1. “UK’s Newest Electric Cars Turning Heads At Last” – BBC – The Vauxhall Ampera is a stylish electric vehicle (EV) that also boasts a greater range, reduced charge time, and a price slashed by nearly half. Across Britain, EVs are becoming cheaper, thanks to a new model where the car is bought, but the battery is rented, which allows the batteries’ quality to be guaranteed, and for long journeys, the concept of a battery-swapping station is being considered.
2. “Environmentalists Feeling Burned by Rush to Build Solar Projects” – LA Times – While allowing 50,000 acres of land to be developed for solar power might seem like an Earth-friendly move, some aren’t so sure. Proposed solar projects in the Mojave Desert are generating controversy as conservationists claim large-scale development could harm the ecosystem.
3. “The Green Building Bible Gets a Much-Needed Update” – The Atlantic – LEED 2012 was unveiled, and the guidelines have been updated, pushing ever more towards zero-impact buildings. This year’s approach, it’s said, is a more “holistic” one, taking into consideration long-term growth, public education and community involvement.
4. “6 Amazing Green Renovations That Turn Industrial Buildings into Architectural Gems” – Inhabitat – A gallery of repurposed buildings that all have used green innovations in their makeovers.
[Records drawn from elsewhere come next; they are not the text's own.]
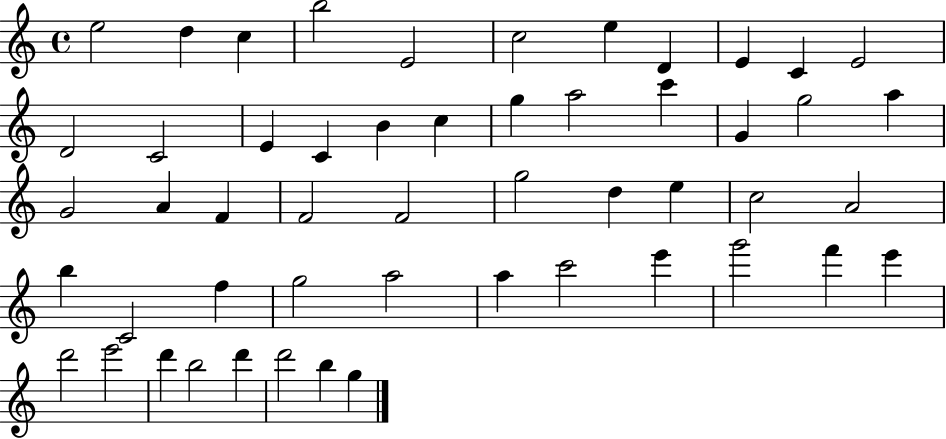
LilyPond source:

{
  \clef treble
  \time 4/4
  \defaultTimeSignature
  \key c \major
  e''2 d''4 c''4 | b''2 e'2 | c''2 e''4 d'4 | e'4 c'4 e'2 | \break d'2 c'2 | e'4 c'4 b'4 c''4 | g''4 a''2 c'''4 | g'4 g''2 a''4 | \break g'2 a'4 f'4 | f'2 f'2 | g''2 d''4 e''4 | c''2 a'2 | \break b''4 c'2 f''4 | g''2 a''2 | a''4 c'''2 e'''4 | g'''2 f'''4 e'''4 | \break d'''2 e'''2 | d'''4 b''2 d'''4 | d'''2 b''4 g''4 | \bar "|."
}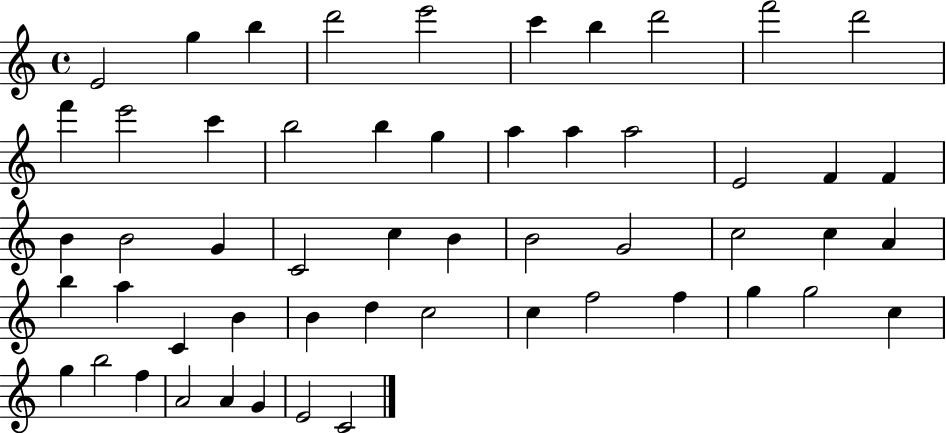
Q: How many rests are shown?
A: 0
All of these buildings started life as factories, but are now being used as museums, living spaces, restaurants, and even an amusement park.
5. “Solar ‘Scandal’ Upshot: China is Dominating Global Solar Market, For Better or Worse” – Grist – Grist examines what really happened behind the latest “scandal” involving solar energy companies, including the bankruptcy of Solar Trust, among others, and the (untrue) allegation that the US government provided these companies with money.The real reason US solar companies are flagging, it seems, is because Chinese companies are producing PV panels at a fraction of the cost as they are.